Sunday, 31 January 2010

A question about fine art answered

I got a question from a photography student just starting a module on fine art photography. Basically asking me what I thought was meant by fine art and why it applies to my work.

Thanks for your question, Dan...

My answer

Hi Dan,

To me, fine art is all about trying to say something specific with your artistic vision -- sometimes it's called artistic intent. Some folks may have a whole series exploring their vision / intent until they have come up with their final piece that represents it. For some, the series is the piece.

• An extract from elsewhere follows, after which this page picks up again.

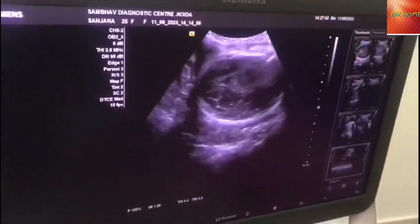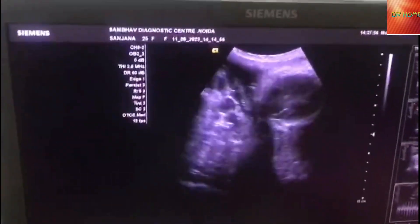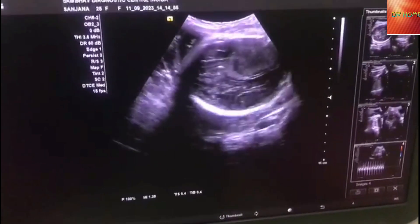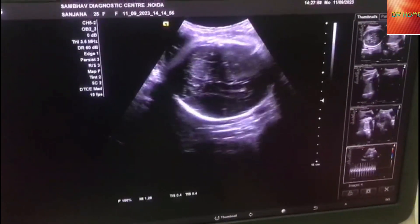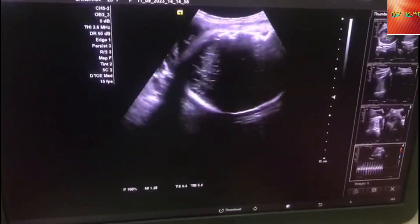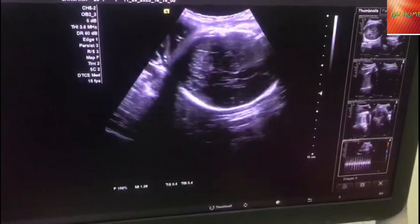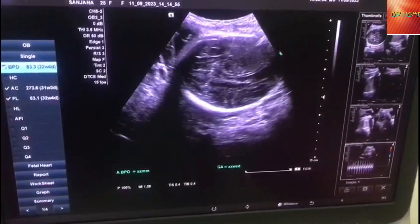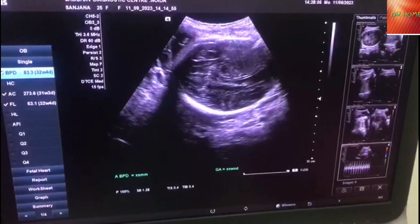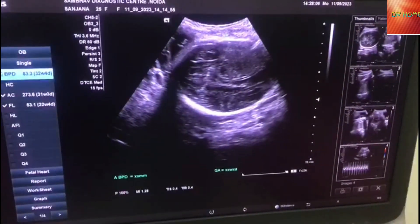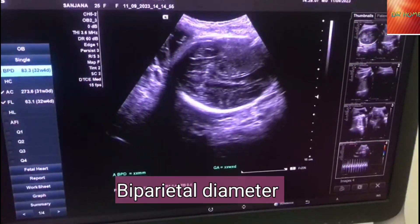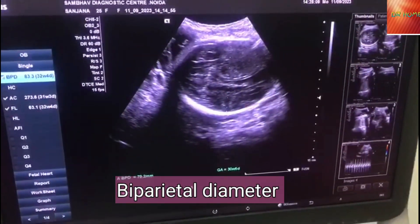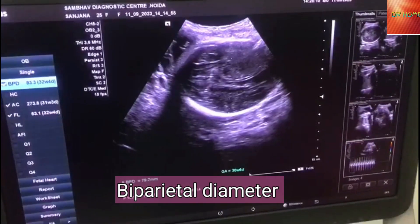This is the child's head. We take a parameter called BPD, which is biparital diameter. We also take the circumference of the child's head.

It's not really important if others understand all of your intent, though. An example; in this one: my intent was to represent the harshness of Dartmoor and the fact that, in minutes, the weather can change from clear to can't-see-your-hand-in-front-of-your-face.
There's all sorts in the image that speaks of both. The local and global contrast; no snow apart from in the lee of the walls; soft sky; the granite wall - you don't get much harsher than granite. Angle-iron: harsh; clear fields, sharp, pointy tor. Cultivated fields, impossible-to-cultivate tor. The composition - the finger of wall pointing straight at the tor; no subtlety there. 
Yes, context helps but I think the image stands alone without knowing Dartmoor.
Dan went on to say he couldn't see what Tracy Emin's bed was all about and this was my reply:
Re: Tracy Emin's bed - I think it's self-serving (i.e. pretty much a "self-fulfilling prophecy"). I dont think it's so much about the visual impact, it's all about what the various scattered items represent in terms of her life experience associated with them. By self-serving I mean that if it wasn't by her, people wouldn't look beyond the rather crappy visual impact to what lies beyond. 
That piece of "fine art" lies almostly entirely in the associations it triggers in the viewer and not in the "prettiness" of the image. Not really aimed at the average punter but at the cognoscenti who "know" where to look for the artistic intent; i.e. they know the context. 
A stark example of what I mean. Imagine a really, really, famous artist with instantly recognisabe, say, paintings. They produce an empty canvas. The congoscenti might say "Oh, they were going through an "xyz" time in their relationship with their public and lover. The emptiness of the canvas represents... blah, blah, blah." 
Here, context is everything and, if you don't know the context, it's just a blank canvas. For me, this isn't fine art; for me, there has to be enough of merit that it can stand on its own without context. Knowing the context adds more, but it must be able to stand alone. 
All my opinion and not necessarily having any bearing on other's reality.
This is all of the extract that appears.